The BDSP Partnership of London, U.K., the University of Stuttgart, MECAL, Imperial College London and the Rutherford Appleton Laboratory formed a consortium funded by the European Commission to develop systems for incorporating wind turbines between buildings shaped to concentrate wind flow.
The researchers built a near-scale prototype on the European Energy Research Unit test site. It had two towers aerodynamically shaped, with three turbines placed vertically between them. The towers were designed using computational fluid dynamics modelling to find their optimum shape for concentrating wind speeds at between 2 to 5 metres per second.
The project was completed in 2000 and now BDSP is doing follow up research and developing a handbook on how to integrate wind turbines into the built environment. The advantage of having wind
power generators in the city is that they would provide power close at hand, thus obviating the need for long transmission systems and also appeasing the people who find rural wind power farms a visual blight on the landscape.

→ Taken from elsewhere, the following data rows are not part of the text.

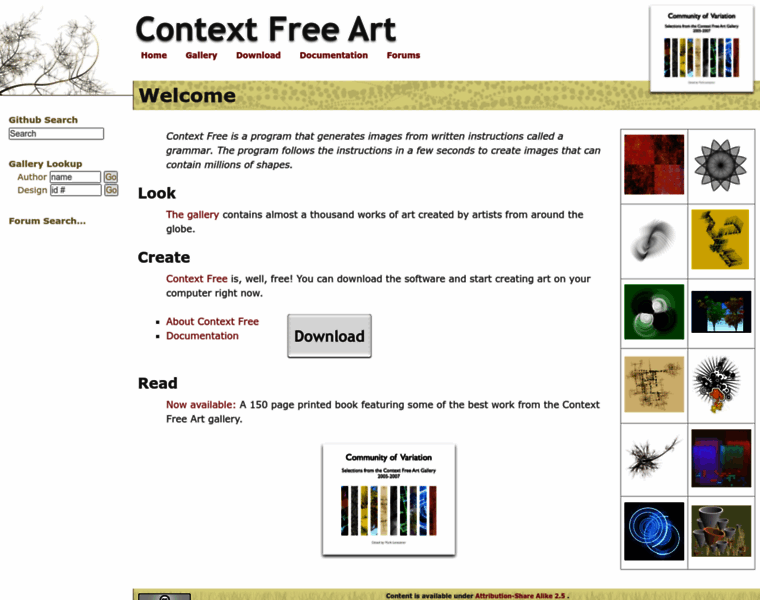 Contextfreeart.org thumbnail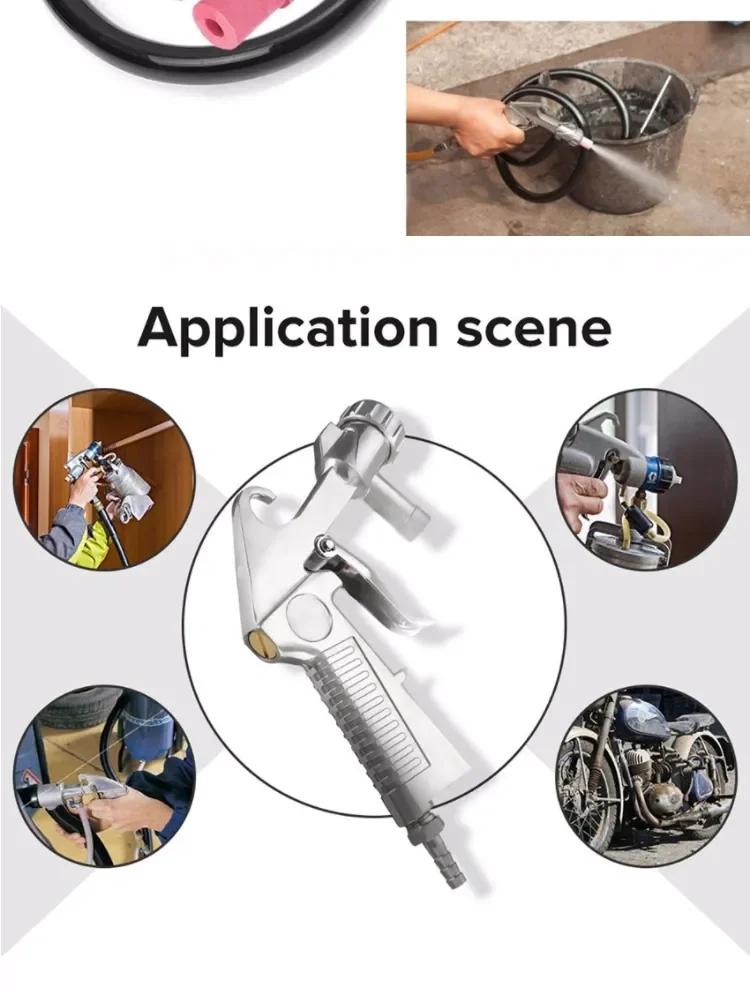 high-Precision Sandblaster Abrasive Air Sand Blasting Gun Efficient Kit Precise Spraying Contains Multiple Types Of Nozzles Sandblasting Machine Strong Sandblasting Tool Cleaning tools Rust Removal tools Polishing tools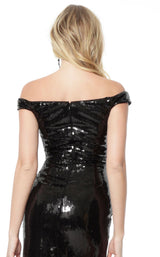 6 of 6 Jovani 63636 Black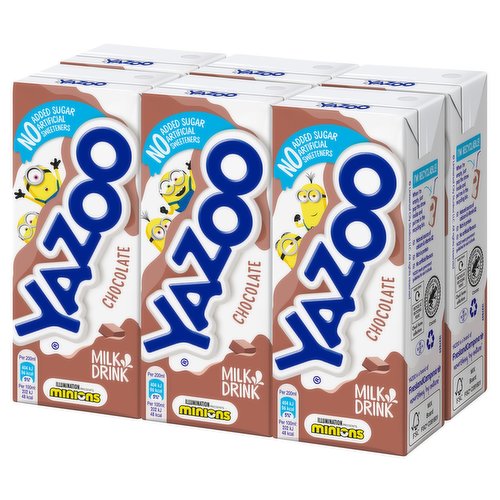 Yazoo Chocolate Milk Drink 6 x 200ml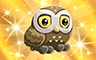 Poppit! Bingo Gold Athenian Owl Badge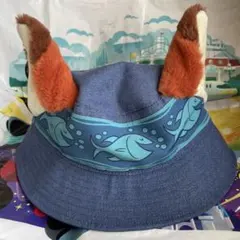 ズートピア2 ニック　バケットハット　東京ディズニー 　キャップ
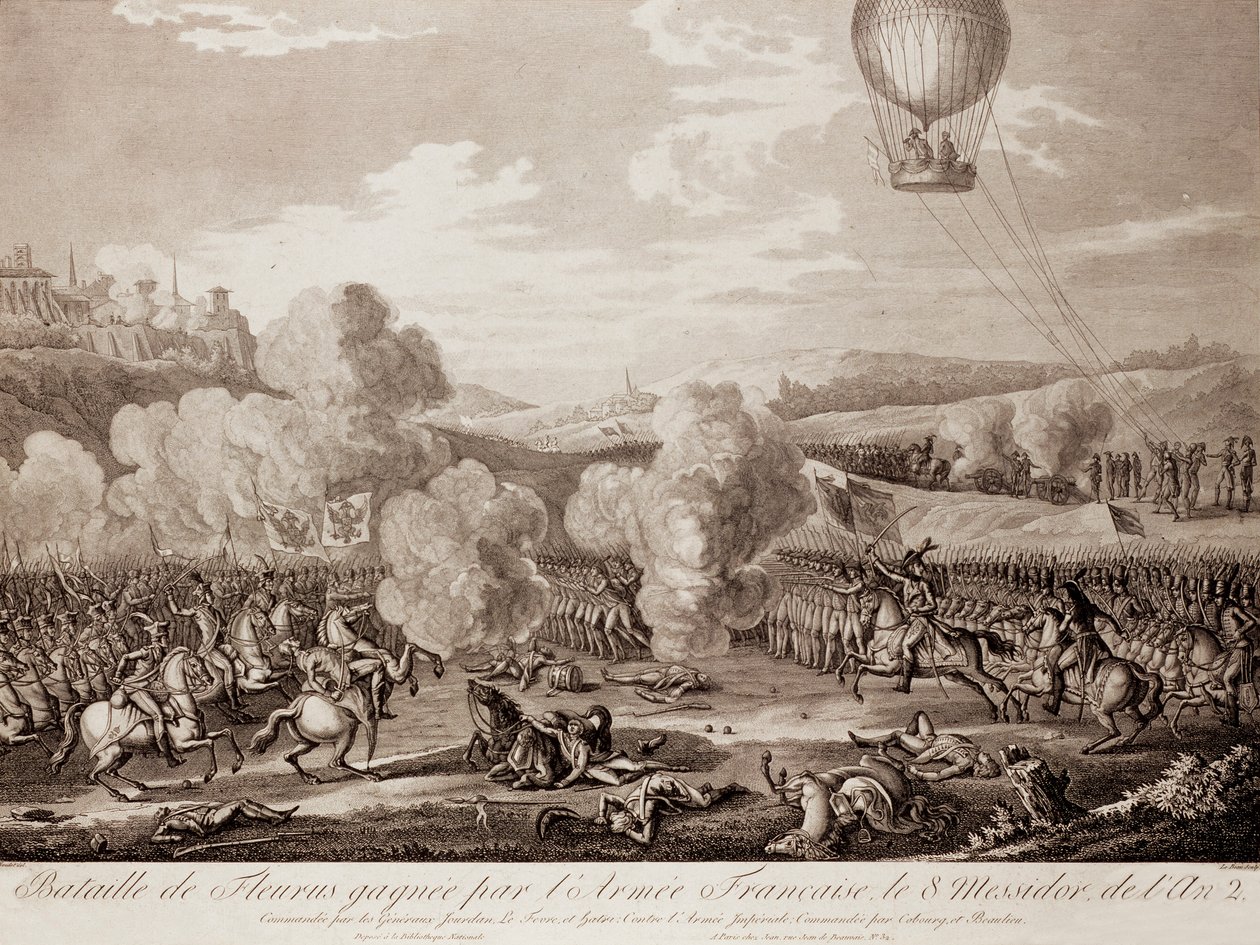 Bataille de Fleurus - Pierre Adrien (after) Le Beau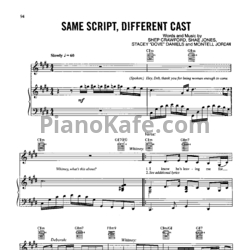 Ноты Whitney Houston Feat. Deborah Cox - Same script, different cast - предпросмотр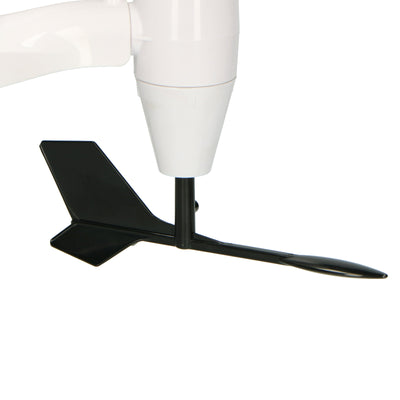 Alecto WS5200 - Professioneel 6 in 1 wifi weerstation met app en draadloze buitensensor, zwart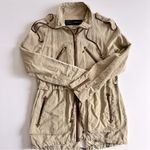 ZARA  Utility Military Equestrian Jacket Tan Size Small Photo 3
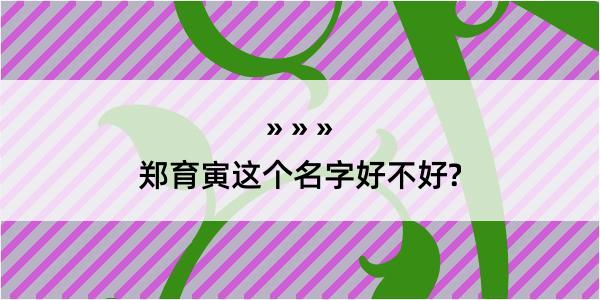 郑育寅这个名字好不好?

Another common complaint of wind turbines is that they cause noise, but the proponents of urban wind generators say that in cities their noise would be largely drowned out by the traffic.
The European Energy Research Unit has been doing research in other interesting areas, including the idea of having floating offshore wind farms.
According to the Canadian Wind Energy Association, Canada currently produces about 136 MW of electricity through wind farms, enough to service about 37,000 average homes. The largest operations are in Quebec, which has 99,000 MW capacity in total at its Le Nordais wind farms in Cap Chat and Matane. Second biggest wind power producer is Alberta, with about 80,000 MW capacity. Toronto has the closest thing to an urban system, with its single 1,800-MW wind turbine that started turning last year in Pickering, east of Toronto.
The potential for this renewable energy source globally is enormous. Wind could, it is estimated, supply up to five times the world’s current energy needs.